This was taken from the Alleghany Corporation 2008 annual report, from the "To Our Stock Holders Section"
http://www.alleghany.com/Documents/2008annualreport.pdf
Thoughts on the big picture
The imbalances that are evident today in the global economy trace their origins to August of 1994,when China embarked upon a course of a managed, nominal currency peg of the renminbi (RMB)against the U.S. dollar. Few remember today that as recently as 1981, the RMB/USD exchange rate was as strong as 1.53 yuan per dollar; by 1994 it had weakened to as low as 8.76 yuan per dollar, and was pegged at 8.28 until 2005. Over the following decade and a half, this currency policy contributed to stagnant U.S. household incomes (real median U.S. household income is lower today than it was in 1998), as U.S. labor could not compete with a massive, artificially priced Chinese labor pool due to the currency devaluation. The mechanism with which China (and other countries with pegged currencies) kept its currency artificially depressed was to recycle dollars into U.S. treasury securities and agency securities, thereby keeping U.S. interest rates artificially low, exporting deflation, and importing inflation. The prime beneficiary of this policy in the United States and other OECD (Organization for Economic Cooperation and Development) countries was the financial services industry, which took advantage of excessively easy money and low interest rates to fund credit expansion to middle class households, who sought to improve their standard of living despite stagnant
incomes by borrowing to fund consumption.

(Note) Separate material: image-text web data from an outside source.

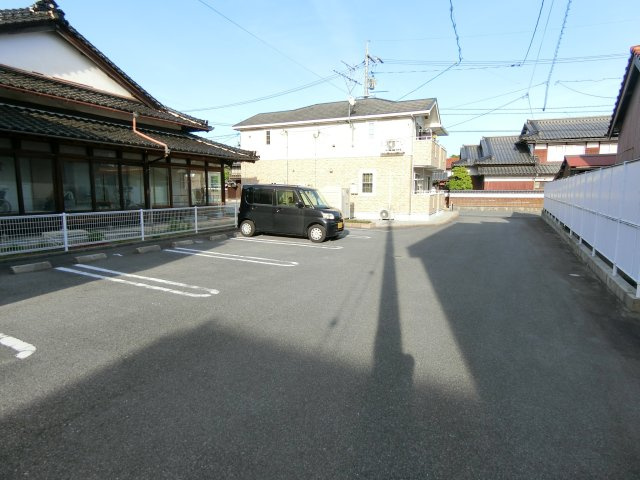 ＬＡＰＩＮＥ（ラピーヌ）Ｂの駐車場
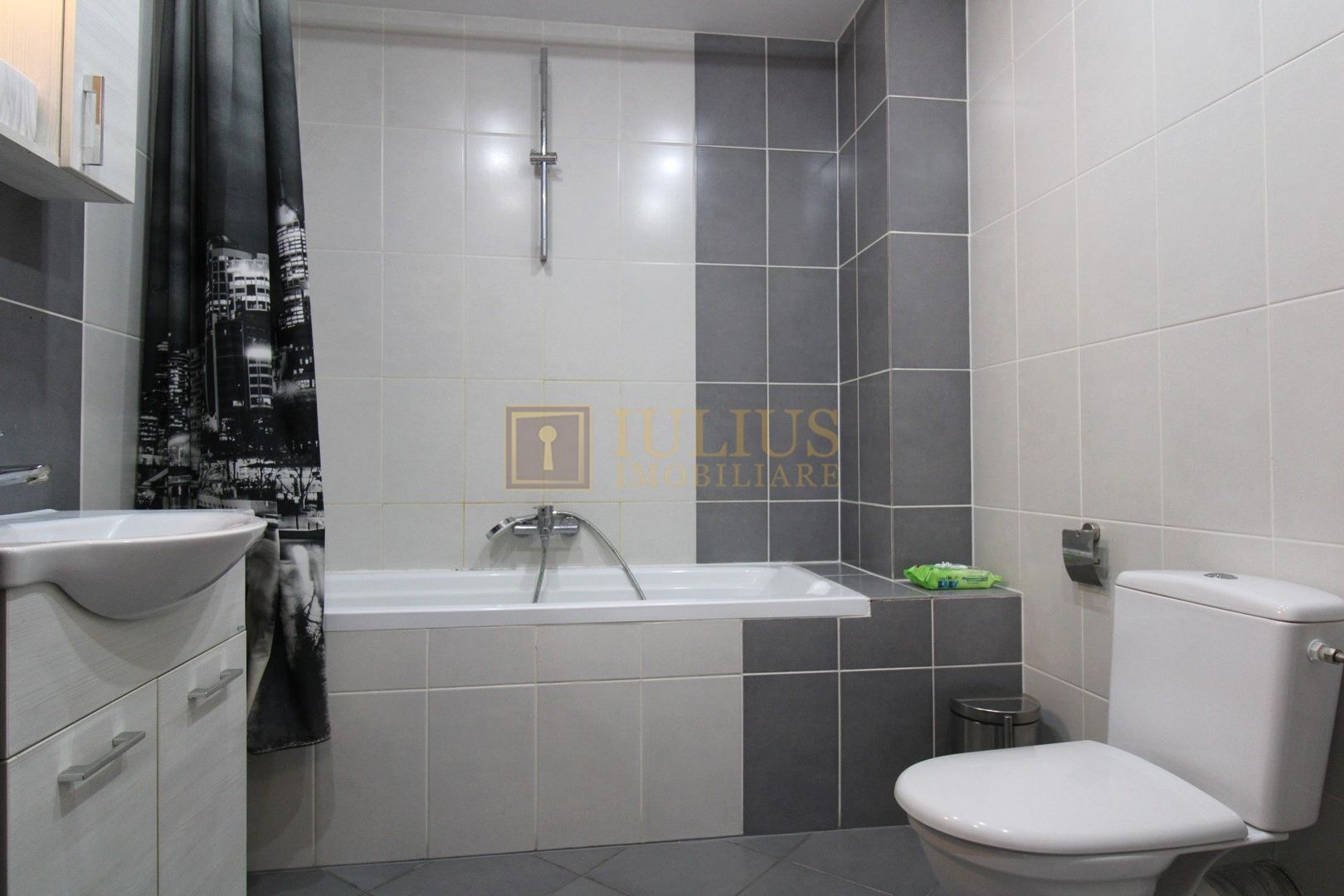 Complex URANUS PLAZA, zona Soarelui; rulouri electrice. - Poză 13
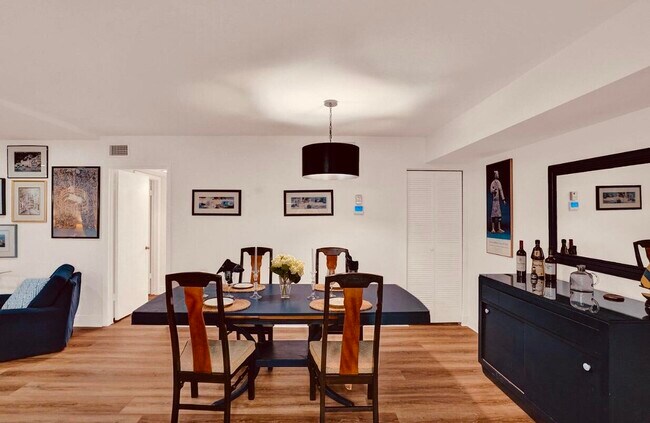 Foto del edificio - 5780 Fairway Park Ct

With perfect hindsight, it is now clear that 2007 probably marked the end of a 25-year credit binge in the United States. By the third quarter of 2008, total debt in the United States—government, corporate, financial, and household—exceeded 350% of GDP, a higher level than was the case in 1929. Over the past ten years, each incremental dollar of debt in the U.S. economy produced less and less growth in nominal GDP, with the marginal productivity of debt headed toward zero by 2013. The global economy, increasingly unbalanced and held together by a highly unstable and complex financial system, began to teeter in 2007 and collapsed in 2008. Inflationary pressures, which were significant in the first half of last year, turned to a deflationary collapse in the second half of the year.
The epicenter of the credit collapse was the investment banking industry and other capital providers,including private equity firms, hedge funds, and a variety of securitization vehicles. This system—referred to by some as “the shadow banking system”1—became the dominant provider of credit to households to fund consumption through the creation of structured securities that linked global savers to, primarily, U.S. consumers. Household debt began to expand at a very rapid rate, doubling from $7 trillion in 2000 to $14 trillion by the third quarter of 2008. A casual review of the Federal Reserve’s Flow of Funds report makes clear that at least $3.6 trillion of this debt may never be repaid as growth in personal income was far slower than growth in household debt. The majority of these assets appear
to be held by the largest financial institutions in the world, placing their solvency at risk.
Like a finely-engineered Swiss watch, the global economy depends on the proper functioning of all of its pieces for the mechanism to work. As the weakest borrowers in the system began to collapse, the global economy came under increasing stress in 2008 and, following the collapse of several major
financial institutions, the system virtually shut down in late 2008.
Most economists view the world through a profit-maximization model. The assumption is that given stimulus—either tax cuts or cheaper money—consumers will consume, and businesses will invest. However, another model—the survival model—suggests that liquidity and debt reduction become the overriding factors in economic motivation following a long period of easy credit, inflated asset values, and ultimately an asset collapse.2 Moreover, it seems to us that we are likely in for a long economic
winter, as households attempt to reduce leverage and businesses fight for survival in deteriorating economic conditions. In such an environment, an abundance of caution is in order.
Governments and policy makers continue to attempt to address the problem of inadequate aggregate demand in the OECD economies by trying to increase demand for credit. Unfortunately, a reasonable case can be made that there is no demand for credit because borrowers are either insolvent or
financially impaired. The dramatic expansion of the money supply in response to collapsing velocity has not yet produced inflationary pressure, but this eventuality cannot be dismissed. A reasonable scenario, in our opinion, would be for a prolonged (3-5 years) period of negligible economic growth, continued credit problems, and rising inflationary pressure.